Write out, exactly and in full, the line where "J. Crew Yellow" appears together with all lines that follow it in the entries below. Do not include pictures.

[Items from a dataset]
┌──

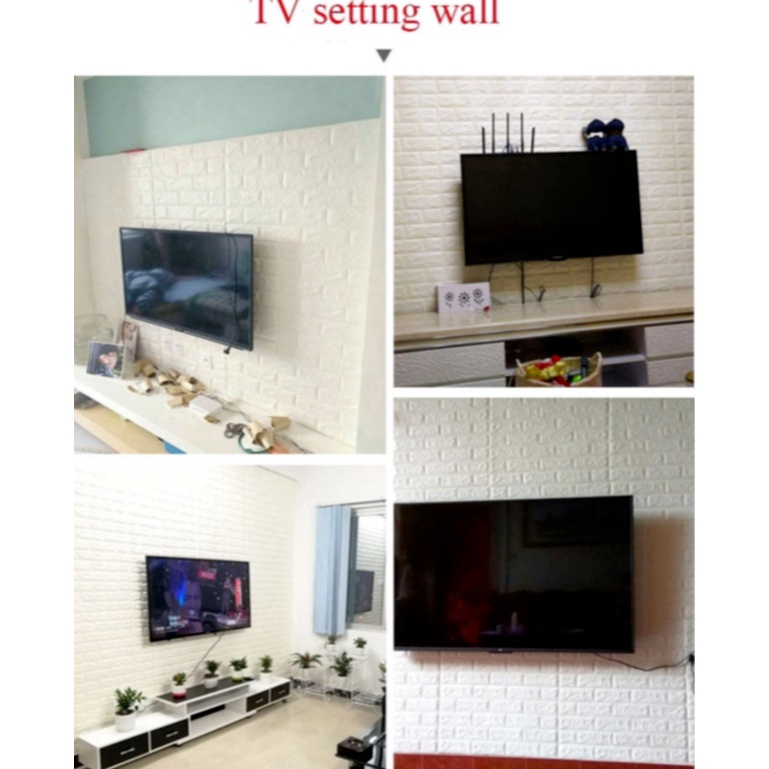 Giấy dán tường họa tiết gạch 3D chống thấm nước trang trí phòng cho bé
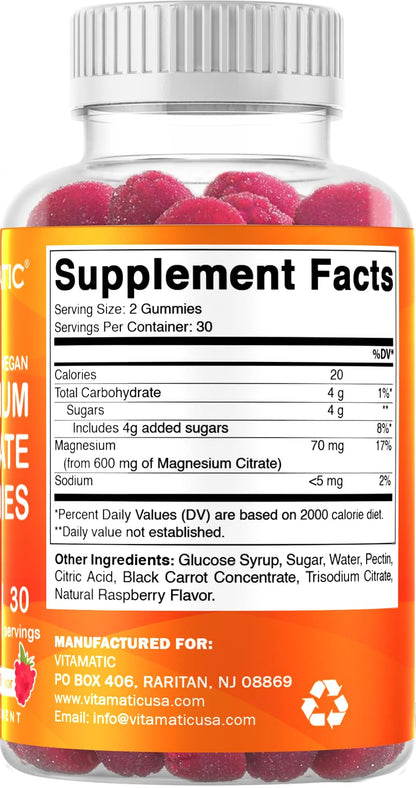 Vitamatic Magnesium Gummies 600mg – 60 Vegan Count for Relaxation, Muscle, Bone & Energy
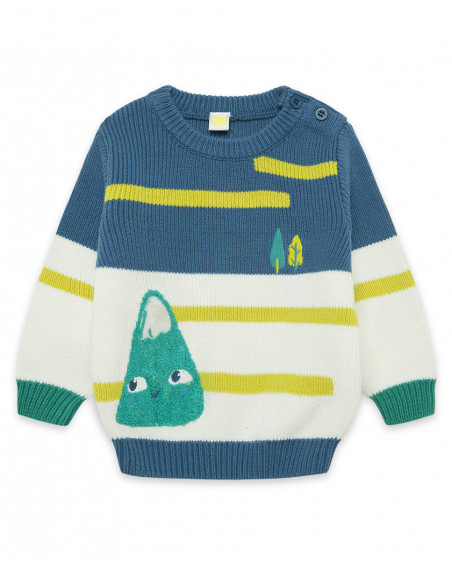 Pull-over en tricot imprimé garçon bleu color hikers Pull-over en tricot imprimé garçon bleu color hikers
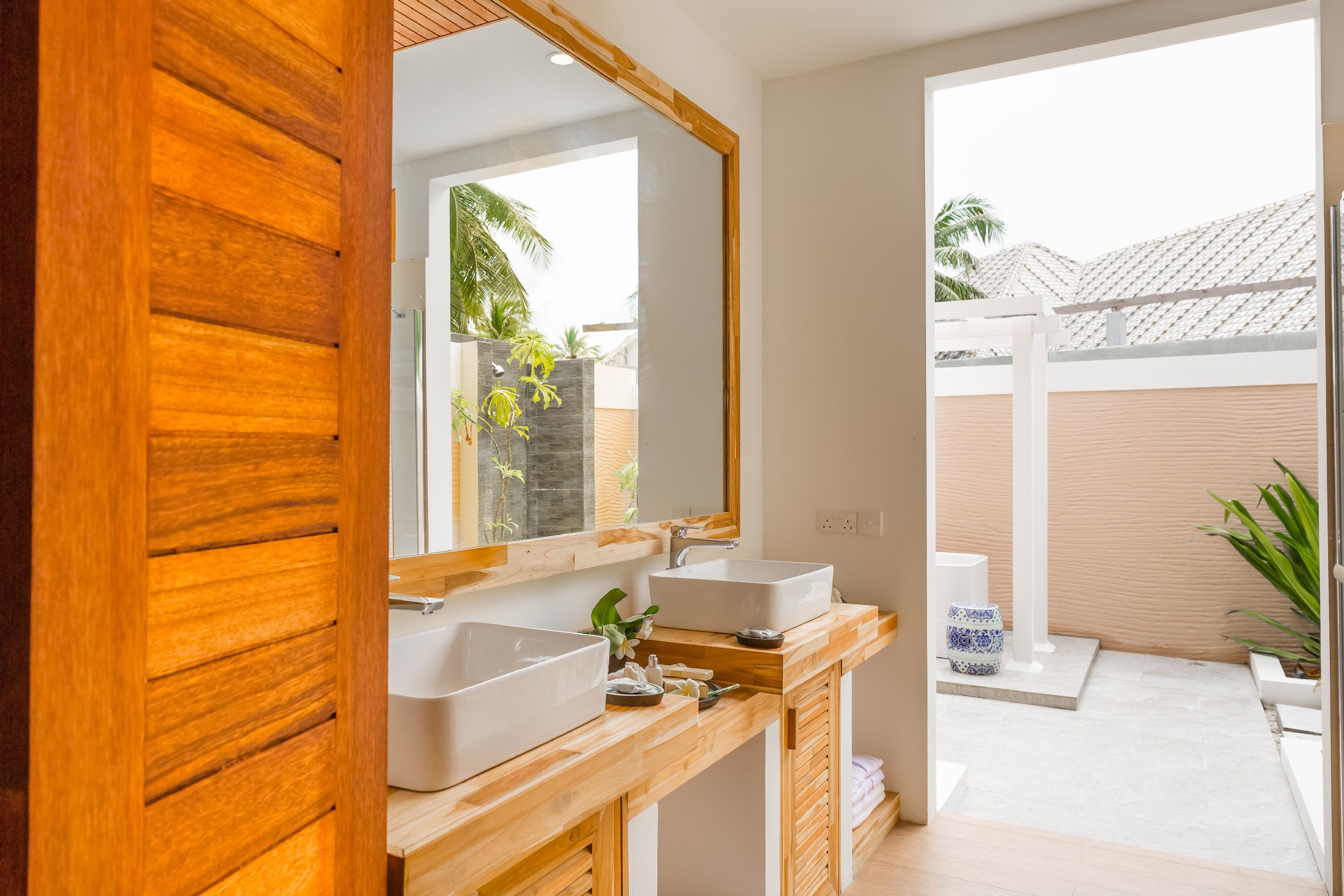 rainfall showerhead, designer toiletries, hair dryer, bathrobes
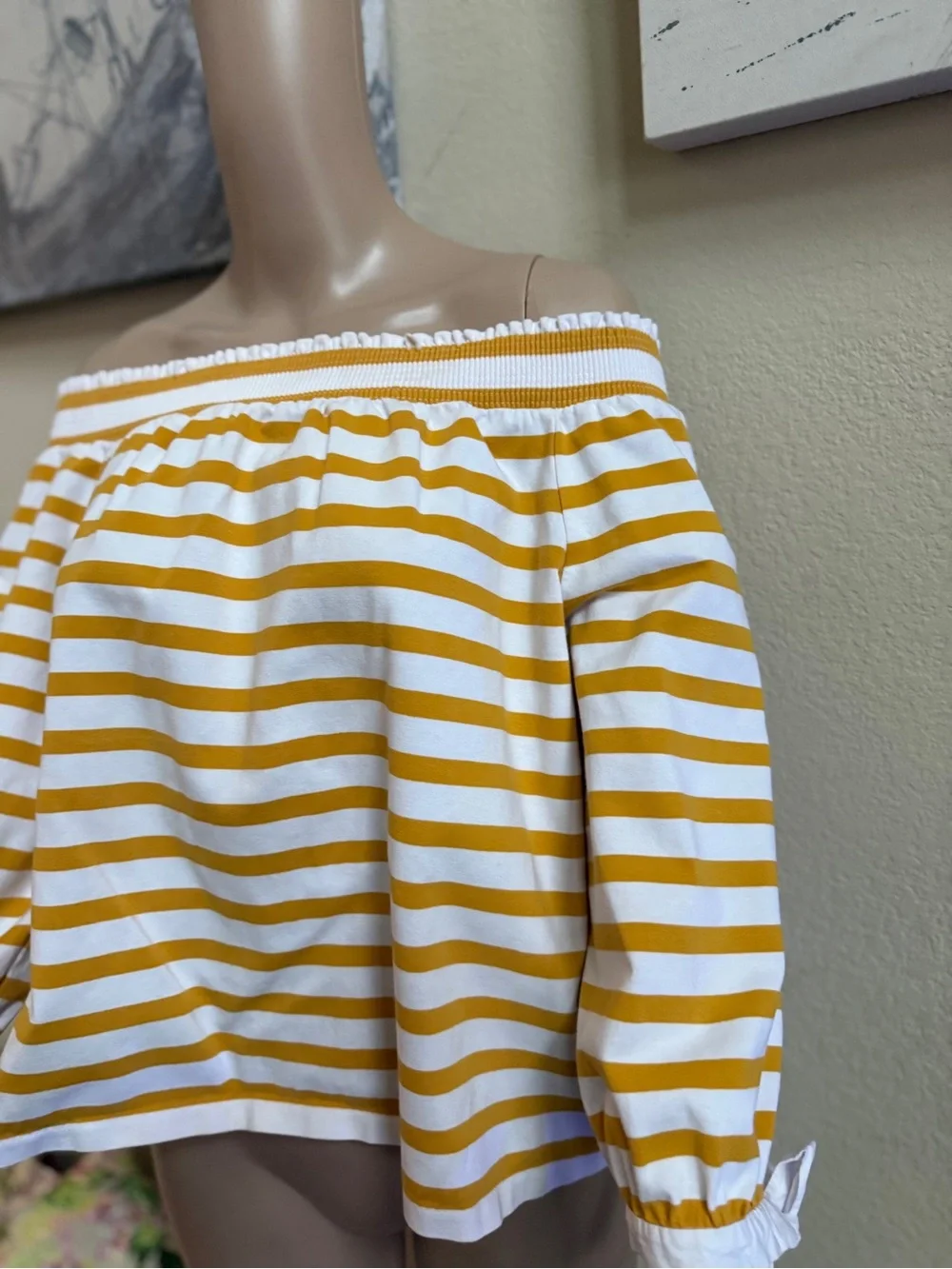 J. Crew Yellow and White Striped Off-Shoulder Top size large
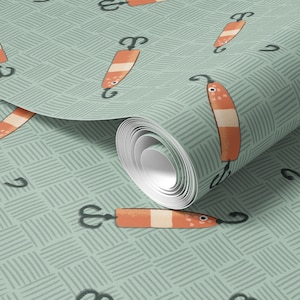 Peel-n-Stick Wallpaper, Fish Bait and Hook Pattern, printed with eco-friendly ink, self-adhesive and removable CM098
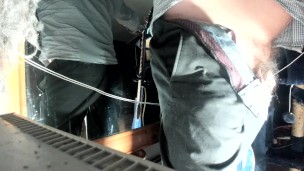 my cock in the trousers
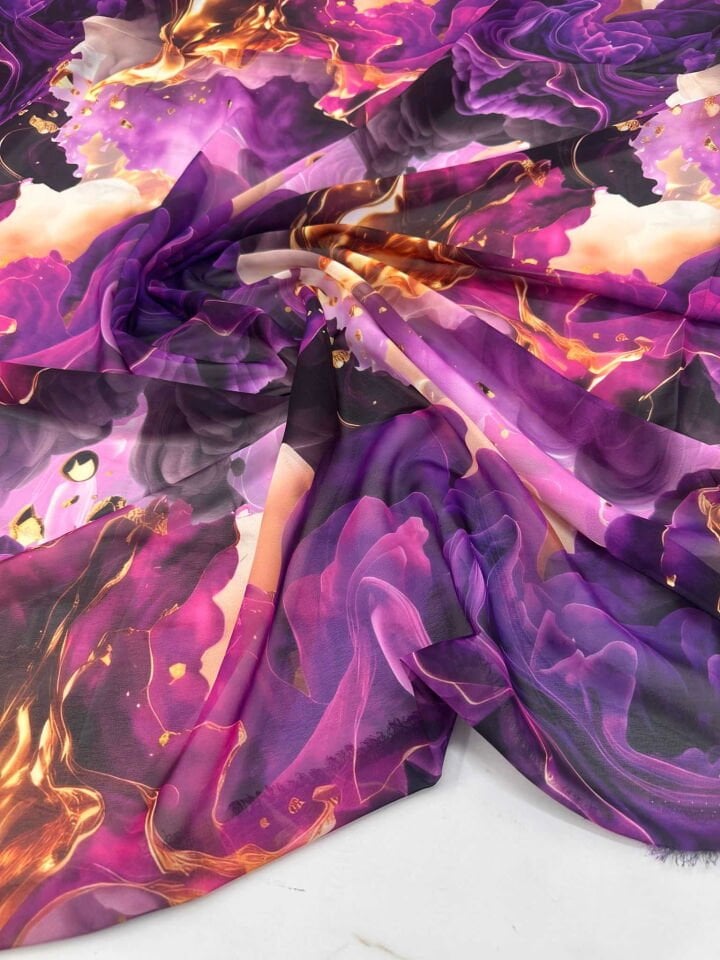 Desenli Şifon Kumaş Elbise Etek Gömlek Payeo Şal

└──

* RESULT FOR THIS EXERCISE:
 J. Crew Yellow and White Striped Off-Shoulder Top size large
 Peel-n-Stick Wallpaper, Fish Bait and Hook Pattern, printed with eco-friendly ink, self-adhesive and removable CM098
 my cock in the trousers
 Desenli Şifon Kumaş Elbise Etek Gömlek Payeo Şal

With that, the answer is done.